Tietjens worried the marriage was premature. “It may happen that [Ike’s] book
will not bring the expected or desired revenue, and then he would be doubly
tied to . . . his newspaper work, which is a calamity to be dreaded.” No doubt Tietjens
was also distressed to be losing his roommate and the social intimacy he and
Morgan had shared for the last six months.
A few days later, demoralized by all
life’s pressures, Tietjens apprehensively returned to the Baums. “I fully
expected to have a falling out with him, but it turned out otherwise. . . [Baum]
was in higher spirits than ever . . .” In New York he had seen Frank Pixley and
Gustav Luders’s King Dodo and The Burgomaster, “and claims our
work is far superior to any of the popular hits in New York . . . I have now
determined to finish the [comic opera]. It would be rather cowardly, and a
wrong to Baum to leave him in the lurch, when the work has progressed so far.”

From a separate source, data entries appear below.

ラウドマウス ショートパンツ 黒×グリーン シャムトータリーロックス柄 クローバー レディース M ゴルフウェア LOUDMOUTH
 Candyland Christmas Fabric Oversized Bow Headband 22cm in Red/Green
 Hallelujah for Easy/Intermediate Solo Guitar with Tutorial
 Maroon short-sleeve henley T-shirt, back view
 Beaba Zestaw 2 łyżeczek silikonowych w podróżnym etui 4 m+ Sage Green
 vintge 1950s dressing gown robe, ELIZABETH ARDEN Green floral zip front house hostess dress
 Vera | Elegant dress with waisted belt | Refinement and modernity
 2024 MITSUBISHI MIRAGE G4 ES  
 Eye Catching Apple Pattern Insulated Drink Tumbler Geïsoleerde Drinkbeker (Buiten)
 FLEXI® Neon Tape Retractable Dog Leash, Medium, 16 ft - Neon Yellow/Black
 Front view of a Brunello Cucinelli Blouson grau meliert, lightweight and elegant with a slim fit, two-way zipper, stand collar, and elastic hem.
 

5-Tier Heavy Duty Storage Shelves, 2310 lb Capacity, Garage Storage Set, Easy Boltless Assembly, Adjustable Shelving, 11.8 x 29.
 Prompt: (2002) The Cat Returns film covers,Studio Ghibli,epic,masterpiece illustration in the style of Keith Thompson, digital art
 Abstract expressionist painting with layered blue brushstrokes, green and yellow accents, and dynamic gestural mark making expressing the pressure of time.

Tietjens plunged back into work on The
Octopus, but his financial situation was worsening every day. He had
written home for assistance twice and received no reply. “I have only a few cents left, and I’m
urgently in need of funds. I hate to borrow from Ike. I hope nothing has
happened at home [in Slater].”
Ike Morgan married Pauline Swain on the
morning of June 28, 1901. Tietjens gave Morgan $25 as a wedding gift, partly to repay
all of Morgan’s generosity over the six months Tietjens had now been in
Chicago. Where Tietjens found the money for his generous wedding gift is
unknown.
At the wedding reception, held at the
Denslows’, Tietjens entertained the guests, playing selections from The
Octopus. Denslow was particularly taken with Tietjens’s music and made a
suggestion that would change both their lives forever: Tietjens should really
be composing a comic opera based on The Wonderful Wizard of Oz.